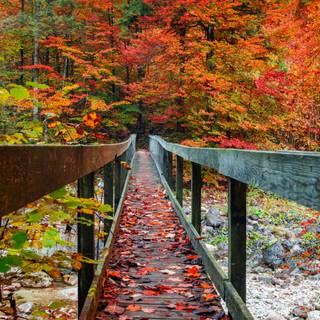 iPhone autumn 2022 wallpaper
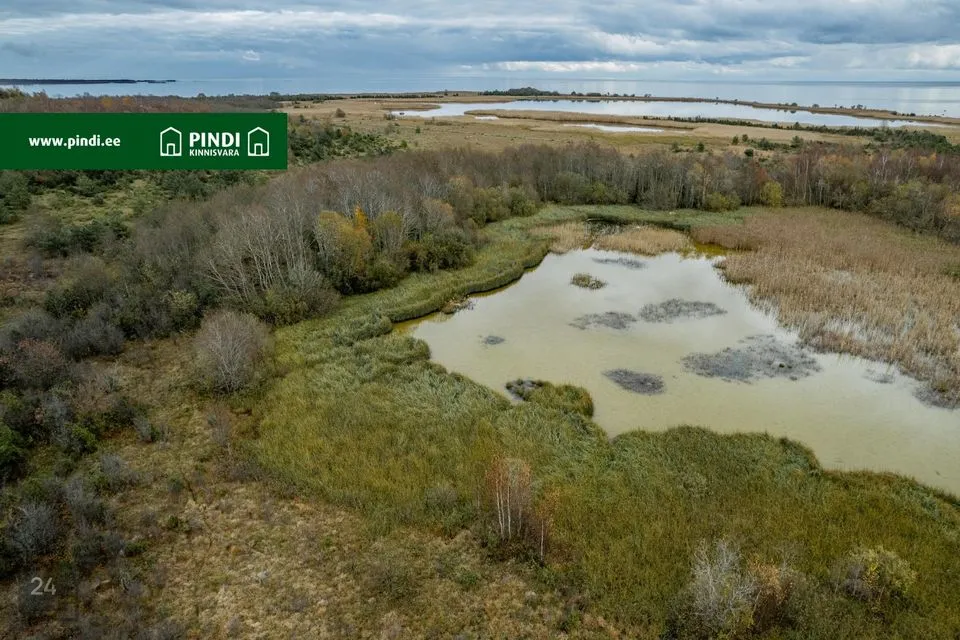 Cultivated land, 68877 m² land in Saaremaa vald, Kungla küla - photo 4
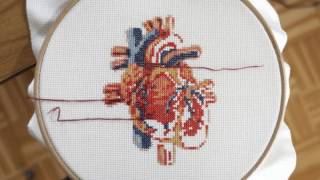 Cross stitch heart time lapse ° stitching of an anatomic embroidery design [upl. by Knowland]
————
**WHAT YOU WILL DO**: Word for word, please, restate the lines of the listing from the one holding "Cultivated land, 68877" down to the last line, leaving out any pictures.

**OUTPUT**:
 Cultivated land, 68877 m² land in Saaremaa vald, Kungla küla - photo 4
 Cross stitch heart time lapse ° stitching of an anatomic embroidery design [upl. by Knowland]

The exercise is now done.